WORK INSTRUCTION — What lines of the data below hold the string "fermeture"? Copy each one out.

DATA EXCERPTS —
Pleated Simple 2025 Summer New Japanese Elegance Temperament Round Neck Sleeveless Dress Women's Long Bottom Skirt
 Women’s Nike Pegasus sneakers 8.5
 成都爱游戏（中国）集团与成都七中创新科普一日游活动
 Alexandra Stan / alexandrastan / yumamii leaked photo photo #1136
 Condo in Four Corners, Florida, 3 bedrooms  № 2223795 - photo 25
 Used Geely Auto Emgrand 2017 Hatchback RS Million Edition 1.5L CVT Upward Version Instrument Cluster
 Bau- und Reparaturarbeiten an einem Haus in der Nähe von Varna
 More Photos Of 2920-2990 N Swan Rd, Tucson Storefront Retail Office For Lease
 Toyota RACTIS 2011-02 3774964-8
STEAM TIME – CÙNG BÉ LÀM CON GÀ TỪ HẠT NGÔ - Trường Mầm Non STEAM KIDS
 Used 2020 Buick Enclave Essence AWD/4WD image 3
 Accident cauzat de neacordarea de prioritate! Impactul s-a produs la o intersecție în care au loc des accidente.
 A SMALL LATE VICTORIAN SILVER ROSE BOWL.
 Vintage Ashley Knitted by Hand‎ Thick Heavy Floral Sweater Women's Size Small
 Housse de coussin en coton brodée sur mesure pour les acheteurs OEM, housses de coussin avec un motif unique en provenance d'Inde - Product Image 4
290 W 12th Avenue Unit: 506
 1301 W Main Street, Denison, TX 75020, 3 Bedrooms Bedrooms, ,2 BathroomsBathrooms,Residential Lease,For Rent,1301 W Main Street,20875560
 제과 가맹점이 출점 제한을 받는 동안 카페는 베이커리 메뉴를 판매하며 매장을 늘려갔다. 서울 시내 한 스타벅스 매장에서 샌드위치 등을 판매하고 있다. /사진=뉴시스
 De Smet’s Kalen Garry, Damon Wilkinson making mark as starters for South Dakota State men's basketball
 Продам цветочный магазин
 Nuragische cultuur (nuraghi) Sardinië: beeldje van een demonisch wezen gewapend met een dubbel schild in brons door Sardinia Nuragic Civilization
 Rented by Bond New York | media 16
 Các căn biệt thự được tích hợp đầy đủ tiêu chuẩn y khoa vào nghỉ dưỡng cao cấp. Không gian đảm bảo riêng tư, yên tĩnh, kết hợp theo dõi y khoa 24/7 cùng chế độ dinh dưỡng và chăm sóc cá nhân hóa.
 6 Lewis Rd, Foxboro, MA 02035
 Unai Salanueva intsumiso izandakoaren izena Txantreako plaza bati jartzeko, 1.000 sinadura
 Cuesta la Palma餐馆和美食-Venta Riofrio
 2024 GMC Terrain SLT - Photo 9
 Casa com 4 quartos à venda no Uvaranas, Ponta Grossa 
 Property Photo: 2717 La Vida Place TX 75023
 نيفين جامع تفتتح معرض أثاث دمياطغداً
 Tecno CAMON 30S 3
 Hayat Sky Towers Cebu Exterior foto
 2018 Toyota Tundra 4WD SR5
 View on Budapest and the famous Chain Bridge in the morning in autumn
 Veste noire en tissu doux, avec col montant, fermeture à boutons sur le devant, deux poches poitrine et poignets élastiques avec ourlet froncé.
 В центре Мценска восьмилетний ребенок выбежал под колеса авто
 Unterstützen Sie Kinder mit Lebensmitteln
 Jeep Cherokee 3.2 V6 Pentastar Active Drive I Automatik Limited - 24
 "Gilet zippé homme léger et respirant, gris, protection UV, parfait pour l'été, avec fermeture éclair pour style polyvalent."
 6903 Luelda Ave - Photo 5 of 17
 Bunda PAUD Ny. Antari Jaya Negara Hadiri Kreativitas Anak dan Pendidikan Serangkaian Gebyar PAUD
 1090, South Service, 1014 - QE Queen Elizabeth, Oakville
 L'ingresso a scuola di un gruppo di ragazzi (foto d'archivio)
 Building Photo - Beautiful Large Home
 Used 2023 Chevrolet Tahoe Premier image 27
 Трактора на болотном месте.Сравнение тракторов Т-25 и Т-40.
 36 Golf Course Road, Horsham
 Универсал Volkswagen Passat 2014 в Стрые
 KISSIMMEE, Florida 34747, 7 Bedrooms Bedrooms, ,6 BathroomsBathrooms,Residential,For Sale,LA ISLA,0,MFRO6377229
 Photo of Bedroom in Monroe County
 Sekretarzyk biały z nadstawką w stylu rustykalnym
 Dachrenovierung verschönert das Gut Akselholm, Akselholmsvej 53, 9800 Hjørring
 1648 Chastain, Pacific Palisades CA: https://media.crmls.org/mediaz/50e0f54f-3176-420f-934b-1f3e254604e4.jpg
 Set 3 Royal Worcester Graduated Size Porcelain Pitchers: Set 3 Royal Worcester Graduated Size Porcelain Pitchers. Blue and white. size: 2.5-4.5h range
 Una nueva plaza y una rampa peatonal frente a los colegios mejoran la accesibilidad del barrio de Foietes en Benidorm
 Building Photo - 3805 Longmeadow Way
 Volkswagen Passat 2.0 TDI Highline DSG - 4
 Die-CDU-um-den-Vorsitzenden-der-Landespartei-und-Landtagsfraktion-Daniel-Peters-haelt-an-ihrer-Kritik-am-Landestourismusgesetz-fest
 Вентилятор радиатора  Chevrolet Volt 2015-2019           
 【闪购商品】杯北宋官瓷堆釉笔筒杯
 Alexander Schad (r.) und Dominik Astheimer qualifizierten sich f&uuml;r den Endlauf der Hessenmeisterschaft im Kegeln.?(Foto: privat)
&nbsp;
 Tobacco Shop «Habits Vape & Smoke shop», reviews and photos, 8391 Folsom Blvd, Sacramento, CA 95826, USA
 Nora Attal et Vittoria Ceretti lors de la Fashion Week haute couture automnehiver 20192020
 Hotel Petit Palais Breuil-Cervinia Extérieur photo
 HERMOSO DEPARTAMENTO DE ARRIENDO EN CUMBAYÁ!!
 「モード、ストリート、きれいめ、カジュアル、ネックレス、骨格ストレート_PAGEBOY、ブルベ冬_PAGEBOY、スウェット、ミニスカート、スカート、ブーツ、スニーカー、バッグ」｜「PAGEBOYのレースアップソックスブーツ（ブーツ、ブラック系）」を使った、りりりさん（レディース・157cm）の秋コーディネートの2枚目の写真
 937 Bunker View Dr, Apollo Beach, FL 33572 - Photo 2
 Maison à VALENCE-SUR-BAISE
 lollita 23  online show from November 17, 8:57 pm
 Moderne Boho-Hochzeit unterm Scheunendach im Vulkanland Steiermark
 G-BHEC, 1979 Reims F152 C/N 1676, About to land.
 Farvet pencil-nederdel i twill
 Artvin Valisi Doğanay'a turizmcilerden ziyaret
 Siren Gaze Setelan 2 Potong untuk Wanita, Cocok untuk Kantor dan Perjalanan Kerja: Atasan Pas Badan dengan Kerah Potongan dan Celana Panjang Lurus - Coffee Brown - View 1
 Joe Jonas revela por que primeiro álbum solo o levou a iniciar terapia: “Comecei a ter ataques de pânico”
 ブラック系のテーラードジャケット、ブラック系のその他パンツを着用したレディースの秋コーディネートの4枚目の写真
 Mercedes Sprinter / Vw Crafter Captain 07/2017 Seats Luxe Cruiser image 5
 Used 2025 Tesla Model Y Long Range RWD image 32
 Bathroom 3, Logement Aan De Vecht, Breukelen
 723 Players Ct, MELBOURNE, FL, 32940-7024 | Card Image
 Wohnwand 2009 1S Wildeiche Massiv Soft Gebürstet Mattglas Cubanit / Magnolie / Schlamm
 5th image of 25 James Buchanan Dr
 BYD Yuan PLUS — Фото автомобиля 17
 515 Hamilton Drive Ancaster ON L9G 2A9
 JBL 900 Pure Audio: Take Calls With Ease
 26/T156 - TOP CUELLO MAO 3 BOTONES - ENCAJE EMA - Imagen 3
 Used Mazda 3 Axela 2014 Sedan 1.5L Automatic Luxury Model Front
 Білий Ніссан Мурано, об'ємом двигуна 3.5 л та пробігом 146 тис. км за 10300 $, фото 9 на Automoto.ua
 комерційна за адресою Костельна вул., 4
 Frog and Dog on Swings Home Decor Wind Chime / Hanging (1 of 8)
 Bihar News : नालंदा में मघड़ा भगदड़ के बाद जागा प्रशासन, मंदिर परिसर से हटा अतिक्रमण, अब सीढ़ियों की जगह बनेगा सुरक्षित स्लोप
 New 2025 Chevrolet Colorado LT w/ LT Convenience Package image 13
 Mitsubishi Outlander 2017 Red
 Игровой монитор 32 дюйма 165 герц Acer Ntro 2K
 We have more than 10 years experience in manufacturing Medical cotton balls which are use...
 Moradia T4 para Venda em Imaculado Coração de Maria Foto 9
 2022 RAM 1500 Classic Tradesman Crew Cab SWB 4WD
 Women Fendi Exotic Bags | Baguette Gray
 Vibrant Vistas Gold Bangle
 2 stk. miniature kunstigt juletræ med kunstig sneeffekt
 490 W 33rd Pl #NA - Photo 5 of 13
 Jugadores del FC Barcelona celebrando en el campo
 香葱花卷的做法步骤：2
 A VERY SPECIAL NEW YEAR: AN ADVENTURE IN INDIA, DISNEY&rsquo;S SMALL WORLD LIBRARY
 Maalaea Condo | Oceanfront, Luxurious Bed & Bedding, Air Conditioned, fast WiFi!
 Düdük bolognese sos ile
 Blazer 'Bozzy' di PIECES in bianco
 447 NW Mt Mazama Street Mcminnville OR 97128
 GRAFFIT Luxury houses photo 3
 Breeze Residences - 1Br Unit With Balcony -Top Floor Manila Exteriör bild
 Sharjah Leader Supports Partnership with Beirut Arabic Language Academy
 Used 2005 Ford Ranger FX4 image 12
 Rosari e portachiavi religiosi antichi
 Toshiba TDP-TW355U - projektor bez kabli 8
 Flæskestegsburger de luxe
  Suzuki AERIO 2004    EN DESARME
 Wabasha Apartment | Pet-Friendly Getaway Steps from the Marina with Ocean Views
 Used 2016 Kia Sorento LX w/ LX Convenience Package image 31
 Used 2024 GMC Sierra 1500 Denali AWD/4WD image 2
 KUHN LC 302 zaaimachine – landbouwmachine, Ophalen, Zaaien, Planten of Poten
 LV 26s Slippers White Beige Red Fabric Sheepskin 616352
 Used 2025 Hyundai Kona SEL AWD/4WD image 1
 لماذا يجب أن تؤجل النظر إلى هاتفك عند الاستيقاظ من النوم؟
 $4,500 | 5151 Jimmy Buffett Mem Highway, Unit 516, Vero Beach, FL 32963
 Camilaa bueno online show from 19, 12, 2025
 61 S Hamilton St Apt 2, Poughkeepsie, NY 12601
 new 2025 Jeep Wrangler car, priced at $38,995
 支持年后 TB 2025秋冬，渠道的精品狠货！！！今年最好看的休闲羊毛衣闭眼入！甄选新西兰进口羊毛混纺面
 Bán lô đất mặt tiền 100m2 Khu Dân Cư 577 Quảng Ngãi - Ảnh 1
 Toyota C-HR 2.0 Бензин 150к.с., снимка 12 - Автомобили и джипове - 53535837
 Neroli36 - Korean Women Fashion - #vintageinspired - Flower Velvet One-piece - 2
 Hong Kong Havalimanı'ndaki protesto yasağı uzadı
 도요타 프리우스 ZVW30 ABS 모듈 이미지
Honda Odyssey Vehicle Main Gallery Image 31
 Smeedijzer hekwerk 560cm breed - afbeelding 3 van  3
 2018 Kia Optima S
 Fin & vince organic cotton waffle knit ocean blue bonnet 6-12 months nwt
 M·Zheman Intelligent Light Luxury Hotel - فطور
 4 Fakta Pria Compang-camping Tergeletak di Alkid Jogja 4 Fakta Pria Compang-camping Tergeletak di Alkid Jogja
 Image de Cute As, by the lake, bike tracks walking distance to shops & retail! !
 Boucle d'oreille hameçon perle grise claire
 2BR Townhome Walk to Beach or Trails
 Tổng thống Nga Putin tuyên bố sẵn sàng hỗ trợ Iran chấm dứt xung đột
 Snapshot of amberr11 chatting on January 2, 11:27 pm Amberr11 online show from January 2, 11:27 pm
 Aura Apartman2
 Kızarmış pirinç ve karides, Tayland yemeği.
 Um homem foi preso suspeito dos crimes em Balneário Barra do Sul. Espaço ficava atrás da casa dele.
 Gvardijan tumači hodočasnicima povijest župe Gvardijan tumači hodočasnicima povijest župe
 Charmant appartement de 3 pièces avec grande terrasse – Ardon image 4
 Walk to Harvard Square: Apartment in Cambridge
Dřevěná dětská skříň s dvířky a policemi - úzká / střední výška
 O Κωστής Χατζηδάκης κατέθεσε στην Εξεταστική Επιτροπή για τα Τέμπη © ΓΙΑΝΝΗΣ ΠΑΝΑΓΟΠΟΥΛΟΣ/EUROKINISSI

SOLUTION TO THIS EXERCISE —
 Veste noire en tissu doux, avec col montant, fermeture à boutons sur le devant, deux poches poitrine et poignets élastiques avec ourlet froncé.
 "Gilet zippé homme léger et respirant, gris, protection UV, parfait pour l'été, avec fermeture éclair pour style polyvalent."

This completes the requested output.